## What you need to do
Using the records that appear below, write out exactly the lines from the one with "Easy methods to" through the one with "Stop Global Warming", keeping both end lines.

## Material supplied
★ ★ ★ ★ ★
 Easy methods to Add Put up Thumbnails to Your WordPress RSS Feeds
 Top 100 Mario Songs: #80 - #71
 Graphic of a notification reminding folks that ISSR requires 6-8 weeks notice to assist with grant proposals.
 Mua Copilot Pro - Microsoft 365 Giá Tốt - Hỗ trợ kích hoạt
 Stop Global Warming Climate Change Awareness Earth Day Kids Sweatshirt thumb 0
★ ★ ★ ★ ★
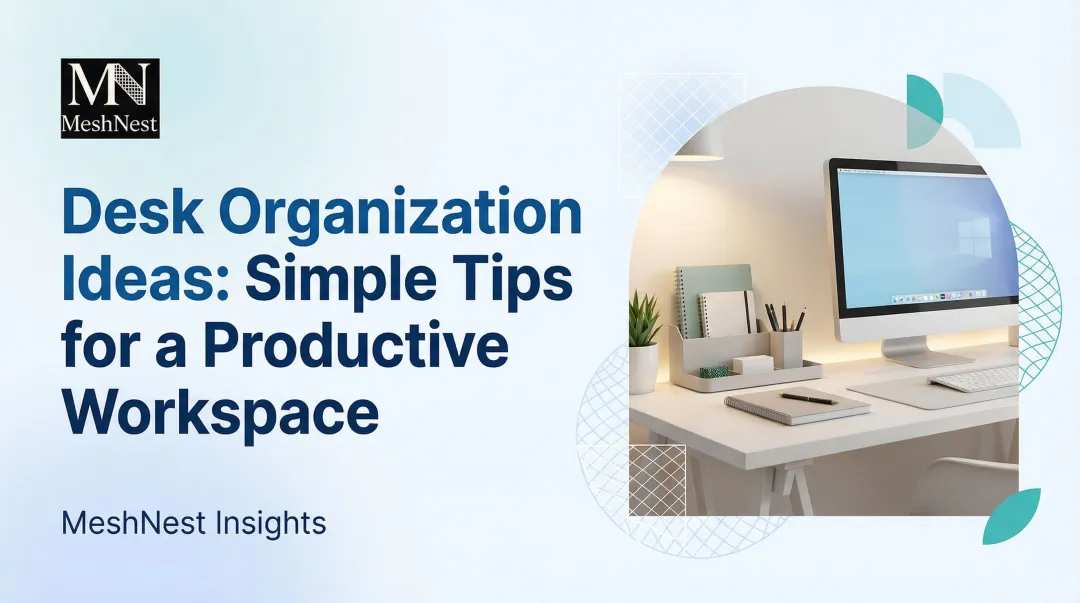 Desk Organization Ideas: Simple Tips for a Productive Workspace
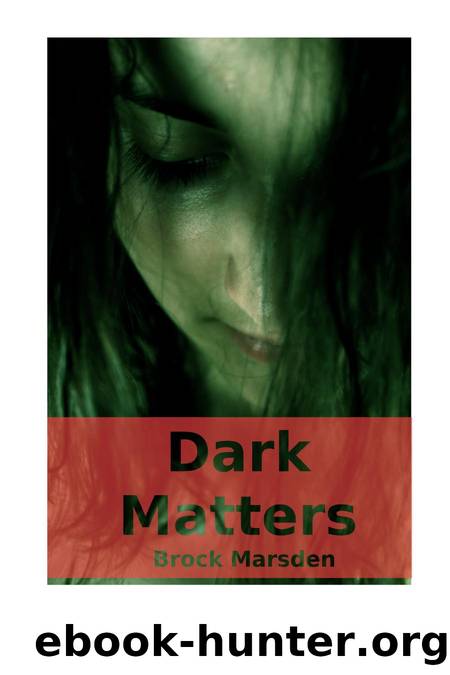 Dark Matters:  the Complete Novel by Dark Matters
★ ★ ★ ★ ★
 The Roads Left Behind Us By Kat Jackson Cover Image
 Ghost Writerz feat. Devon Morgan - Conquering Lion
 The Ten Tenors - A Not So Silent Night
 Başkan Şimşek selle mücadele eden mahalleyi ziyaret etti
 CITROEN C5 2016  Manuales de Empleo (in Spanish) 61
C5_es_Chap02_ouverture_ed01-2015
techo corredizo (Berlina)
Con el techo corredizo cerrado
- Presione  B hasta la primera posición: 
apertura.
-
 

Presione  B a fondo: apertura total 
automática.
★ ★ ★ ★ ★
## Solution to this problem
 Easy methods to Add Put up Thumbnails to Your WordPress RSS Feeds
 Top 100 Mario Songs: #80 - #71
 Graphic of a notification reminding folks that ISSR requires 6-8 weeks notice to assist with grant proposals.
 Mua Copilot Pro - Microsoft 365 Giá Tốt - Hỗ trợ kích hoạt
 Stop Global Warming Climate Change Awareness Earth Day Kids Sweatshirt thumb 0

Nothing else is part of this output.